Le 31 mars 1927, une grave crise l’oblige à s’aliter définitivement : température au-dessous de la normale, perte de connaissance, pulsations faibles et irrégulières, terribles convulsions… A partir d’avril 1927, crises de plus en plus graves et fréquentes. Le 7 avril, le docteur Van Semeren déclara qu’il n’y avait plus rien à faire. Il parla d’une injection de morphine pour calmer la douleur, mais s’en abstint voyant que c’était contraire au désir des religieuses. Le 8 avril, à l’état de moribonde : pouls imperceptible, langue desséchée et fendillée, extrémités froides et décolorées, déglutition impossible depuis 3 jours, odeur infecte se dégageant de son corps.
Depuis l’opération, on avait commencé des neuvaines au Bienheureux de Montfort.
Le 8 avril 1927, fête de Notre-Dame des Douleurs, dernier jour d’une neuvaine pour la malade. La Mère Provinciale des Filles de la Sagesse lui propose d’émettre ses Vœux perpétuels et fait apporter dans la chambre une relique du Bienheureux, la lui donne à baiser et la place sous son oreiller. Puis la Mère Provinciale dit à haute voix : « Bienheureux Père, c’est le dernier appel que nous vous faisons en faveur d’une de vos Filles. Du haut du ciel, daignez la regarder et la guérir ». Puis on récita 3 Ave Maria.
Après cela, la communauté se rendit à la chapelle pour le chemin de croix et la bénédiction du Saint Sacrement.

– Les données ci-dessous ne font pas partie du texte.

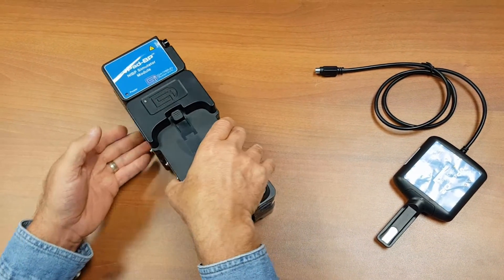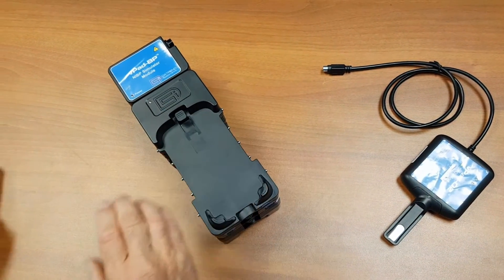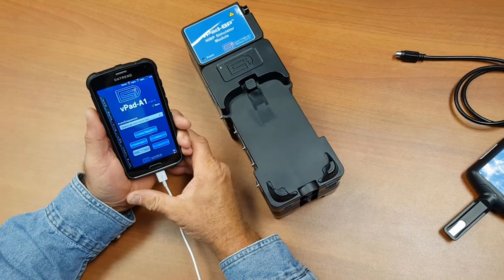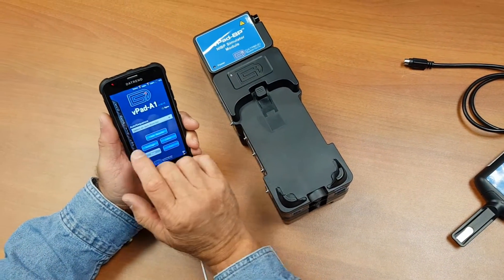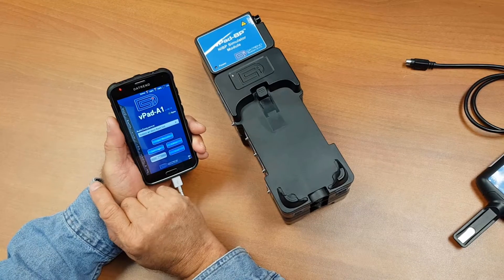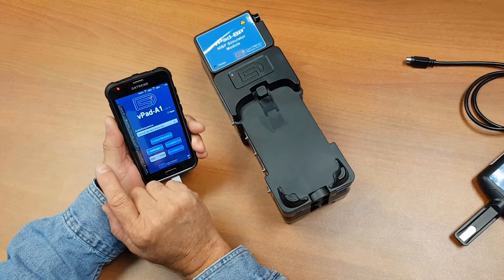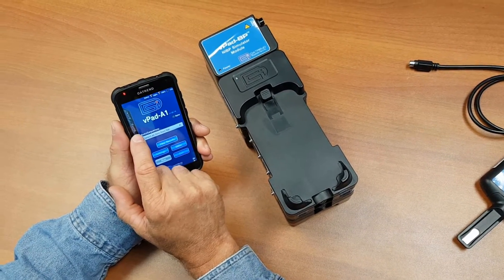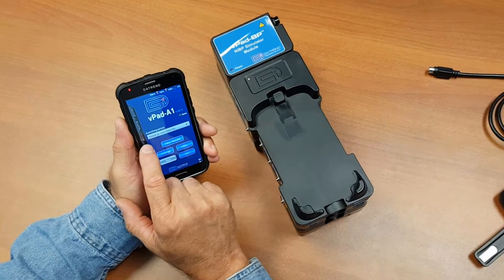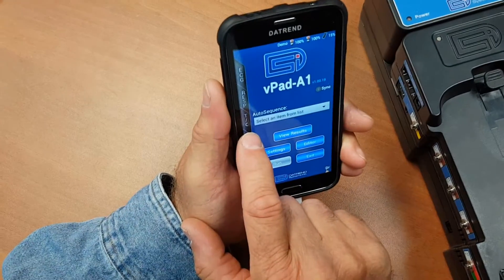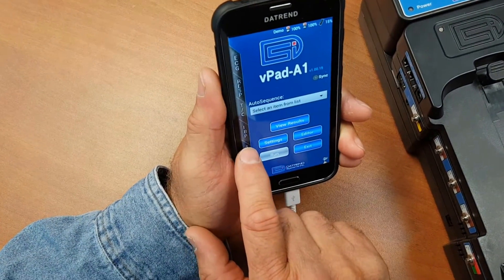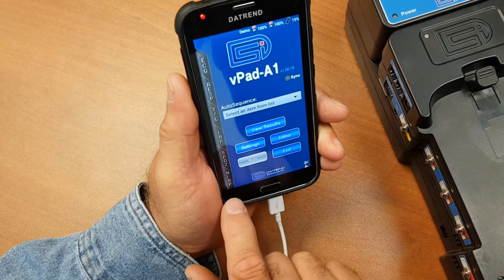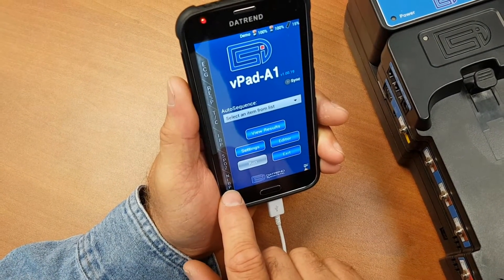When it's in operation, you use the tablet to control the device and can make changes to a number of different parameters: ECG, respiration, temperature and cardiac output, invasive blood pressure, SpO2, and NIBP.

La Mère Provinciale laisse la malade seule quelques minutes pour aller à la Bénédiction du Saint Sacrement. Pendant ce temps, les douleurs deviennent plus fortes et Sœur Gérard murmure : « Si les autres doivent souffrir de ma mort, je veux bien rester sur terre, si c’est la volonté de Dieu ».
Tout à coup, elle voit au pied de son lit comme un nuage d’encens et dans ce nuage la forme très nette de la Très Sainte Vierge qui y brillait ; elle entendit alors clairement une voix qui disait : « Enfant, lequel des deux sera-ce ? » (Elle avait demandé la grâce de guérir ou de mourir).
Tournant la tête du côté droit, elle vit le Bienheureux Louis-Marie près de son lit, en dehors du nuage. Sa figure était très nette ; elle le reconnut tout de suite à l’habit des Pères montfortains qu’il portait  et à ses longs cheveux comme sur ses images. Le Bienheureux lui souriait d’un sourire calme ; elle lui dit : « Père, donnez-moi votre bénédiction ». Avec la relique, elle fit un signe de croix et l’appliqua à l’endroit le plus douloureux. Et elle ferma les yeux. Les rouvrant, elle sentit que la douleur avait disparu et elle était seule.
La Mère Provinciale revenant de la chapelle trouva la malade – qu’elle n’avait quittée que dix minutes – assise sur son lit, priant à haute voix et criant : « Je suis guérie ! Je suis guérie ! » Puis ayant fait le récit de sa guérison, elle s’écria tout-à-coup : « Mon doigt aussi est guéri… regardez, je le plie aussi facilement que les autres doigts… »
Voulant se lever, on la pria d’attendre le médecin pour la constatation légale. On lui donna à boire un bol de lait qu’elle but sans s’arrêter, puis un verre de crème. L’odeur infecte avait disparu. Durant la nuit, la Sœur infirmière constata à plusieurs reprises qu’elle dormait paisiblement. Deux jours plus tard, le 10 avril, Jour des Rameaux, elle assista à la messe solennelle et se tint debout pendant toute la lecture de la Passion.
Le 5 mai, le docteur Van Someren la visita et constata que la plaie de l’opération, qui n’avait jamais été bien cicatrisée, était parfaitement guérie. Le 27 mai 1927, il écrivait : « Le changement subit de l’état de maladie à la santé physique ne fut pas l’œuvre de la nature, mais d’une force travaillant plutôt contre la nature, car selon le cours ordinaire des choses, la Sœur se mourait ; ce changement qu’on peu dire instantané, fut quelque chose d’inattendue… »
Sœur Gérard reprit du poids en peu de temps (12 livres dans les 15 premiers jours). Son appétit est redevenu régulier ; elle se mit à suivre la sainte Règle et à remplir son emploi comme toutes les autres sœurs.